WHAT THE TASK REQUIRES - Output only the stretch of the listing that starts at the line containing "Костюм зимний ХСН Шаман" and ends at the line containing "Il Giardino - Studio-Apartment - 20", reproduced exactly with both ends.

DATA EXTRACTS -
● ● ● ● ●

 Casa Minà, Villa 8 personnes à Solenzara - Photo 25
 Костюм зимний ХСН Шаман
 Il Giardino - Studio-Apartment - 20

● ● ● ● ●

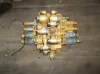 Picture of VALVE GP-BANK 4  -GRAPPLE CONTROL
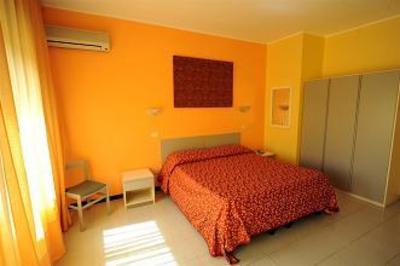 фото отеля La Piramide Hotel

● ● ● ● ●

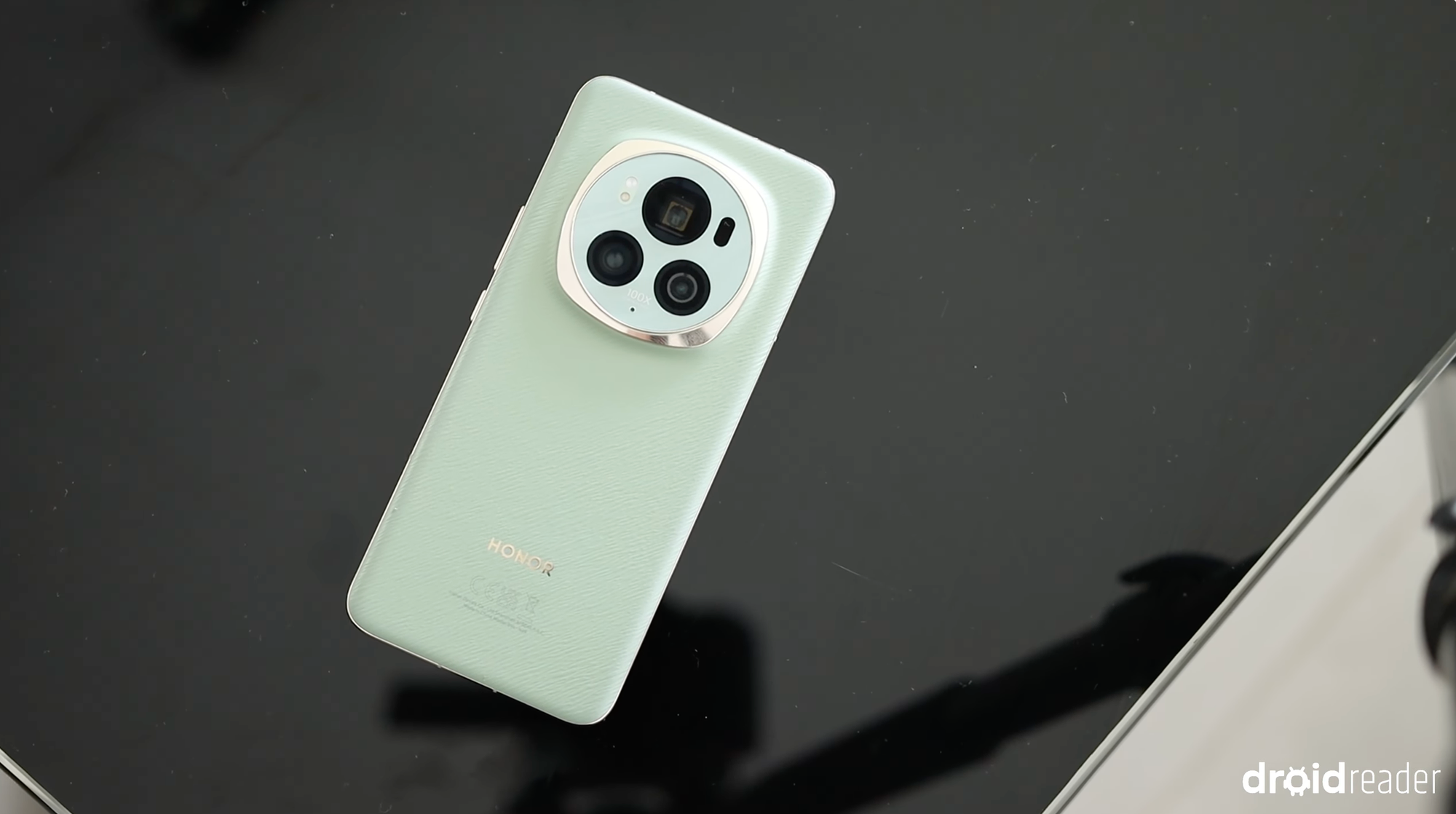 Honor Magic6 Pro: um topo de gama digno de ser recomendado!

● ● ● ● ●

RESPONSE TO THE EXERCISE -
 Костюм зимний ХСН Шаман
 Il Giardino - Studio-Apartment - 20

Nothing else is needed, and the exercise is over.